--- Task brief ---
Copy each line in the data below that contains the word "with".

(Source records)

== Segment start ==

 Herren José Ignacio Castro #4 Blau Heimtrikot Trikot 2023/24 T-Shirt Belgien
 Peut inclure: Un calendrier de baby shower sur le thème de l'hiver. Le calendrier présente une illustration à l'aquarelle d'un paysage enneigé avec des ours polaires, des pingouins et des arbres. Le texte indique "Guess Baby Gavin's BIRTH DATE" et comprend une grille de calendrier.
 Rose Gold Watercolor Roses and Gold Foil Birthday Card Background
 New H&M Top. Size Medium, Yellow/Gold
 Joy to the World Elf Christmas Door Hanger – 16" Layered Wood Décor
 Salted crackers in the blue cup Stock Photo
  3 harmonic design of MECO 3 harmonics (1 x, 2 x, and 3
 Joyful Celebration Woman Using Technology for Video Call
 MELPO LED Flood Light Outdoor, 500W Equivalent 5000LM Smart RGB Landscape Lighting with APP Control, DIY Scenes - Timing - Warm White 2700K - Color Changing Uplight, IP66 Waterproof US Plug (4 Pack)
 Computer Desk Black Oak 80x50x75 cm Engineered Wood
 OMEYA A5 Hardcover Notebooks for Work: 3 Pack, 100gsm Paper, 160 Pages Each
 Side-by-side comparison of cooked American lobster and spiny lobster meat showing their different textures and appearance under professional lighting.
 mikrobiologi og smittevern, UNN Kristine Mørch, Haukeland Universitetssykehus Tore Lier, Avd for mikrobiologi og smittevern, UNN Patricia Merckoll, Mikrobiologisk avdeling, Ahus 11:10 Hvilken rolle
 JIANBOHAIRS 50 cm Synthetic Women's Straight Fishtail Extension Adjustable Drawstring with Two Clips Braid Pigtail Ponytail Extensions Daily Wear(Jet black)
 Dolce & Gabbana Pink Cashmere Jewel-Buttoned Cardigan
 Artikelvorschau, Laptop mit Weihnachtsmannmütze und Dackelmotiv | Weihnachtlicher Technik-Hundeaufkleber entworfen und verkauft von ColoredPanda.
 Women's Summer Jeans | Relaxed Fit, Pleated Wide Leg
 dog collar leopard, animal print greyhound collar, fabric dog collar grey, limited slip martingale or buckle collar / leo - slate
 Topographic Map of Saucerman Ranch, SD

== Segment end ==

--- Response for this exercise ---
 MELPO LED Flood Light Outdoor, 500W Equivalent 5000LM Smart RGB Landscape Lighting with APP Control, DIY Scenes - Timing - Warm White 2700K - Color Changing Uplight, IP66 Waterproof US Plug (4 Pack)
 JIANBOHAIRS 50 cm Synthetic Women's Straight Fishtail Extension Adjustable Drawstring with Two Clips Braid Pigtail Ponytail Extensions Daily Wear(Jet black)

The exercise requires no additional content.